Tom Sturridge has acted in two other Stephens plays, Punk Rock and Wastwater. Here he plays Alex, a young photographer utterly devoted to his wife, Helen, and their daughter, Lucy—to the point that he can seem awestruck simply describing the sight of Helen in a new dress, or Lucy asking her equally smitten grandfather to read to her. Alex invokes these treasures in a soft voice, at times seeming to hesitate between words, or grasp for them. The character is a sensitive soul, clearly, a man who seems easily overwhelmed; he cries frequently, he admits.
But there is more than a tendency towards heightened emotion underlying the fumbling, elliptical way Alex speaks, the painful pauses and sudden shifts that pepper his monologue. The character is trying to summon the courage to tell us something, something terrible, and by the time he does—in graphic detail—Sturridge’s exquisitely raw, delicate performance has so thoroughly captured our imagination and empathy that the revelation surpasses a gut punch, becoming a full blow to the heart. “There’s a hole running through the center of my stomach,” Alex says at one point, adding, “You can probably see it.” We can.
[Read David Finkle’s ★★★★ review here.]
Yet tragedy is not what defines Sea Wall, or A Life, penned by another acclaimed British playwright, Nick Payne (Constellations, If There Is I Haven’t Found It Yet) and starring another film and stage star known to collaborate with him, Jake Gyllenhaal. Under the fierce, tender direction of Carrie Cracknell—also a Brit, who won praise here several years back for her London-based staging of A Doll’s House at BAM—the plays attest to our essential will to live and love, despite the challenges these pursuits continually throw at us.
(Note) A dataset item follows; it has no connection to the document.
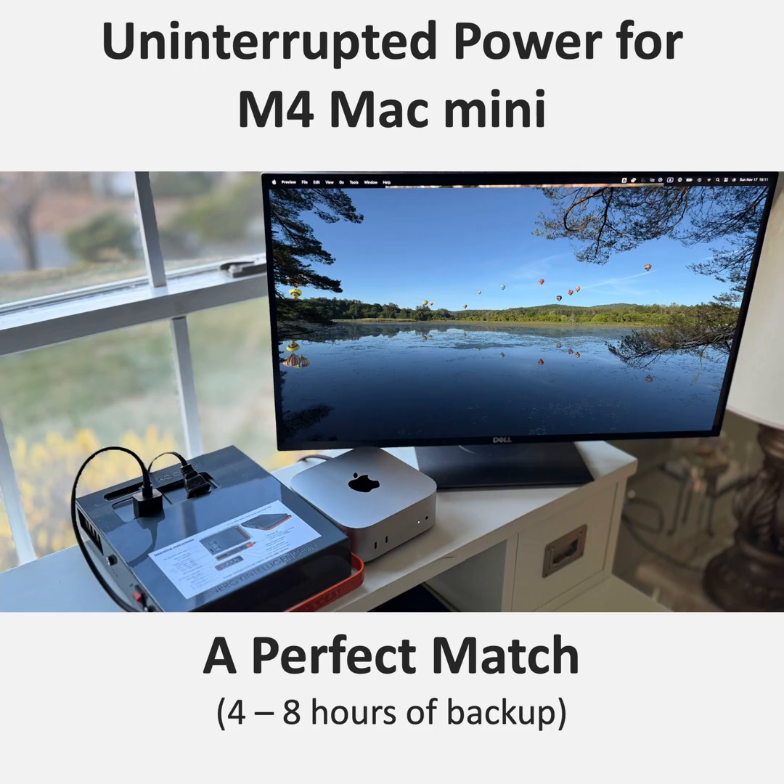Two kilograms — so about four and a half pounds. What about all the other stuff plugged in, like a monitor, external drives? The Power Station 200 has you covered there too — it's got multiple outlets so you can connect your essential peripherals and keep everything running smoothly. It's not just a single-device solution; it's like a mini power grid for your entire workspace. With 200 watts of AC power output, it can handle most desktop setups without breaking a sweat.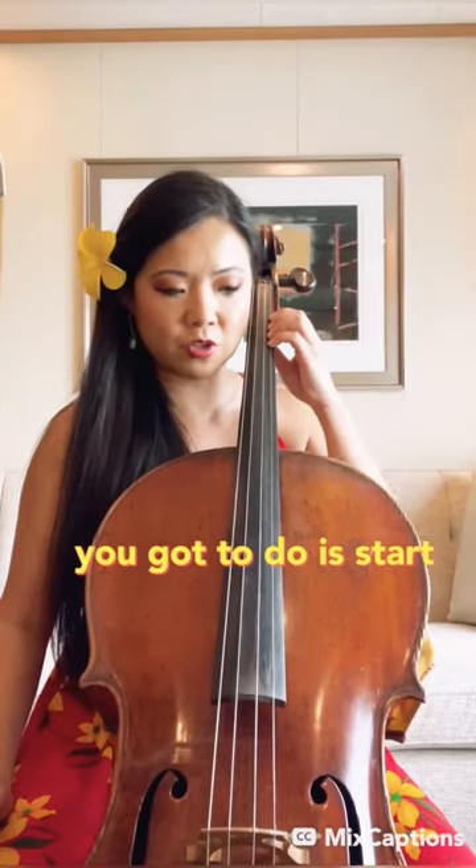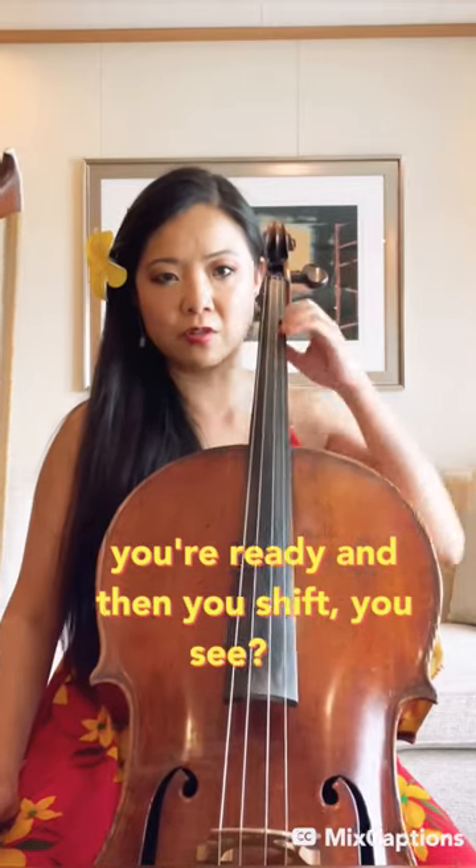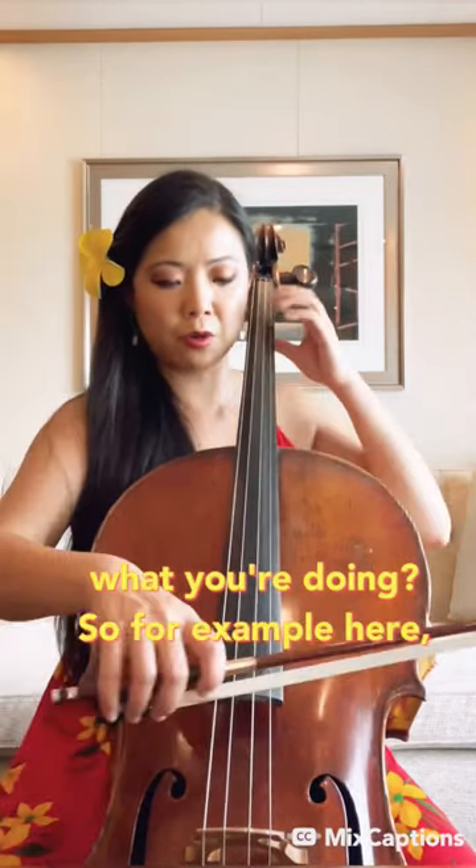Let's talk about shifting. What you gotta do is start bracing your elbow so that you're ready, and then you shift. For example, we're here.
Sea Wall and A Life share additional themes—death, parenthood, faith, all accompanied by their own obstacles—and though not initially intended to be staged together, there are uncanny parallels, down to the wording of certain lines. But they remain very much separate, each adhering to a distinct rhythm and sensibility. Were Gyllenhaal’s fast-talking, more patently neurotic Abe to meet Sturridge’s Alex in a bar, I’m not sure they’d readily strike up a conversation, much as they’d have to discuss. (They’re even lit differently; Guy Hoare’s design has Alex simply turn on a switch, where Abe fusses, eventually choosing a spotlight that leaves much of the stage dark.)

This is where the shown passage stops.